3-4 噴火
噴火
縄文の移動するグループは、佐久の集落へ入ると、大きい声で叫んだ。「噴火が起きるぞ」
佐久の集落ては、長らく見なかった移動するグループに不審顔が募ったが、代々引き継いだ長が、
「縄文の者か、、、噴火とは何のことだ。」
浅間山の噴煙を見てはいたが、噴火の意味が分からなかった。
「山の煙が出てるところから、火が噴き上がるんだよ。」
「火が噴き上がるとは、、、どうすればよいのだ」
「灰が振ってくる。覚悟しておけ」
巫女は、信じられないという顔をして、付け加えた。
「お祈りは、捧げています。噴火なんて、起きないですよ」
「浅間山の婆様が言っていた。彼女は、何年もあそこにいて、知ってるのだ。我らは、この集落に恩義があったので、知らせに来たのだ。明日には噴火が起きるぞ」
移動するグループは、昔の記憶のまま、我らに出来ることはないが、と付け足したが、佐久の集落に留まることにしたようだった。
そして、次の日、
ドカンと大きな音を立て、浅間山が噴火した。いままで聞いたことのない大きな音であった。

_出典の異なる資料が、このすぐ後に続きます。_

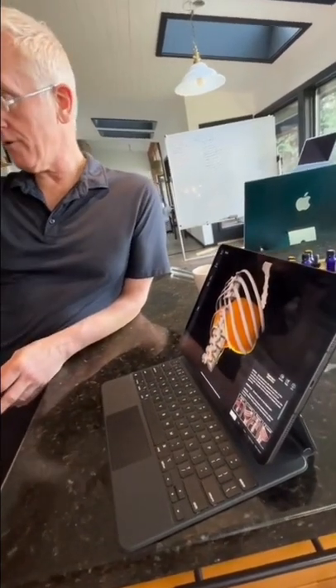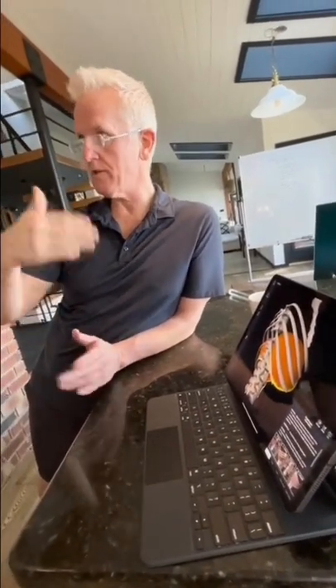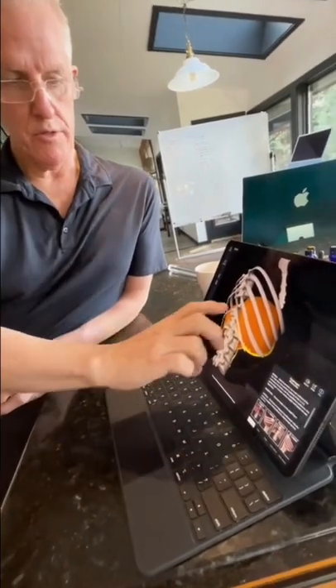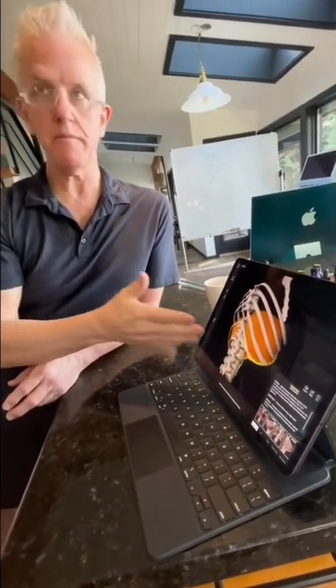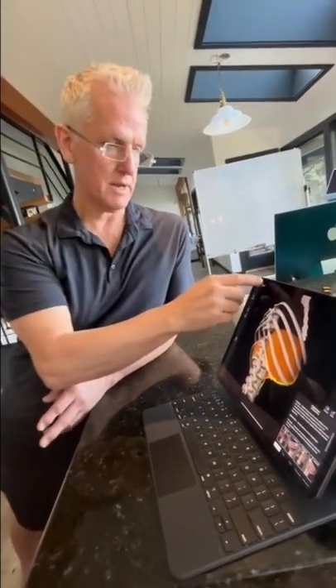The closer a muscle is to the bone, the more power and force it has — the body works on leverage. Everything in the body is built in threes: you have a glute minimus, medius, and maximus, and the closer to the bone, the more power. So basically the diaphragm is the biggest muscle to support the spine, and 99% of people have completely dysfunctional diaphragms because we sit.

山から火が噴き上がり、大きな煙がモクモクと吐き出していた。山の頂は赤く染まっていて、空には、黒い雲が広がっていく。
暫くすると風向きがかわり、噴煙が振り注いで来た。噴煙は1週間振り注いだ。
辺りは真っ黒色に染まっていた。
何も出来ない日々が続き、巫女も無ずすべが無かった。巫女の祈りは届いていなかったのだ。観念したように巫女が告げた。
「移動するグループの皆様、すみませんが、婆様に会わせてください。」
移動するグループは、巫女を連れて浅間山に向かった。辺りは灰まみれだあった。
「婆さん、悪い。移動するグループの者だ。」
「ああ、分かったよ。どうだった灰まみれだろう」
「ああ、そうだ。そこで佐久の集落の巫女が話を聞きたいとやってきたのだけど、、、」
「なんだい、我に出来ることはないぞ」
「私は春日山の山奥にいた縄文巫女の子孫で、教えを守って来たものです。」
「むかし、米を食べさせてもらった時に、聞いたわい。しかし形を真似ても祈りにはならない。お主には、山の声が聞こえてなかったんじゃな。山が怒ったんじゃよ。」
と、投げ出すように婆様が告げた。
「巫女として恥ずかしいです。」
「移動するグループが知っておる。戸隠に言って、本物の巫女に教わってくるんじゃ。わしには、いまは、その力がない。」
佐久の集落では、半分の穂がだめになっていて、来年に向けて不安が広がっていた。巫女は、長を伴い、広間に皆を集めると、宣言した。
「私は、戸隠に行って、縄文の巫女に、修行をつけてもらう。移動するグループに案内をお願いする」
長は静かに頷き、巫女の決意をうけとった。
不安の広がる広間を後にして、巫女は移動するグループと出発したのであった。